Grace Dillon consults on new horror movie “Antlers”

Keri Russell in the film ANTLERS
Keri Russell in the film ANTLERS. Photo by Kimberley French. © 2021 20th Century Studios All Rights

“Antlers,” a new horror movie currently in theaters, prominently features the Windigo, a cannibalistic spirit from Indigenous ontology. Grace Dillon, professor of Indigenous Nations Studies at PSU, consulted on the film.

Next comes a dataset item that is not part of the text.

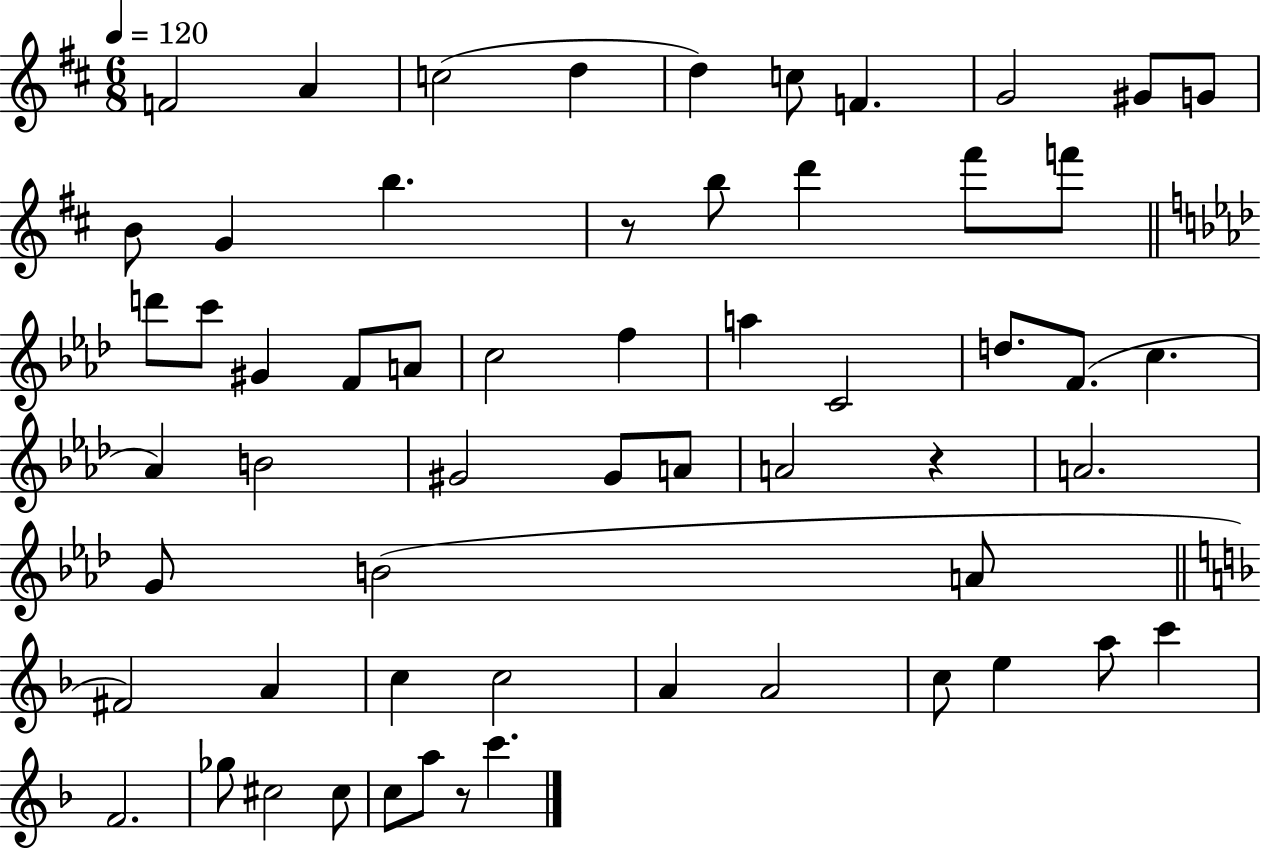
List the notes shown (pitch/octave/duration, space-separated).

Dillon, who is herself Anishinaabe, was asked by director Scott Cooper and producer Guillermo del Toro to collaborate on the film to ensure that the depiction of the Windigo was respectful. 

Grace Dillon
Grace Dillon

While “Antlers” is set in a small Oregon town, the tradition of Windigo Manitou originates from Algonquian-speaking peoples along the northeastern coast. “There are really a lot of tribal peoples that are connected very strongly to this spirit entity,” she says. 

There are also different interpretations of the Windigo. “Our sense of Windigo — and that's what they went with — in our language, Anishinaabemowin, refers to greed. It's all about greed,” she says. 

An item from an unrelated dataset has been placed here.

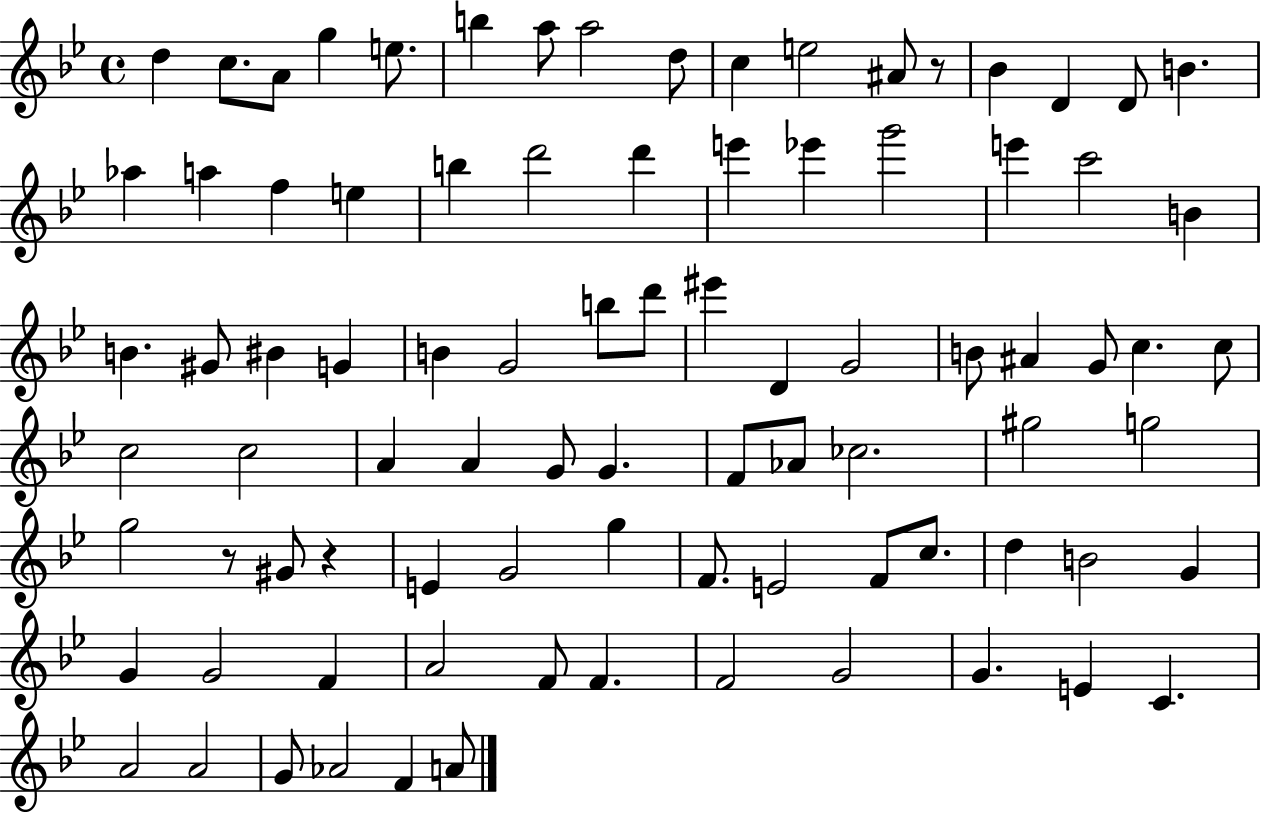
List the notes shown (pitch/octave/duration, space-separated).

D5/q C5/e. A4/e G5/q E5/e. B5/q A5/e A5/h D5/e C5/q E5/h A#4/e R/e Bb4/q D4/q D4/e B4/q. Ab5/q A5/q F5/q E5/q B5/q D6/h D6/q E6/q Eb6/q G6/h E6/q C6/h B4/q B4/q. G#4/e BIS4/q G4/q B4/q G4/h B5/e D6/e EIS6/q D4/q G4/h B4/e A#4/q G4/e C5/q. C5/e C5/h C5/h A4/q A4/q G4/e G4/q. F4/e Ab4/e CES5/h. G#5/h G5/h G5/h R/e G#4/e R/q E4/q G4/h G5/q F4/e. E4/h F4/e C5/e. D5/q B4/h G4/q G4/q G4/h F4/q A4/h F4/e F4/q. F4/h G4/h G4/q. E4/q C4/q. A4/h A4/h G4/e Ab4/h F4/q A4/e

When Cooper sent Dillon the script for “Antlers” and asked for her thoughts, Dillon responded with 16 single-spaced pages. Although the title for the film, Antlers, was already chosen and the Windigo designed by Guillermo del Toro was already depicted with antlers prior to her involvement, most of her feedback was responded to.

“Scott immediately wrote back,” says Dillon. “He shifted things all around and really followed, faithfully, the 16 pages of suggestions and requests and ideas and reforming that I suggested, and I was just absolutely wowed by that.” 

Dillon also sent Cooper objects that ended up being used in the movie, including the book Dangerous Spirits: The Windigo in Myth and History. The book was written by PSU professor Shawn Smallman and includes a foreword by Dillon. It discusses a time when the fur trade was falling off due to overhunting and Indigenous people were accused of being Windigo and placed on trial. 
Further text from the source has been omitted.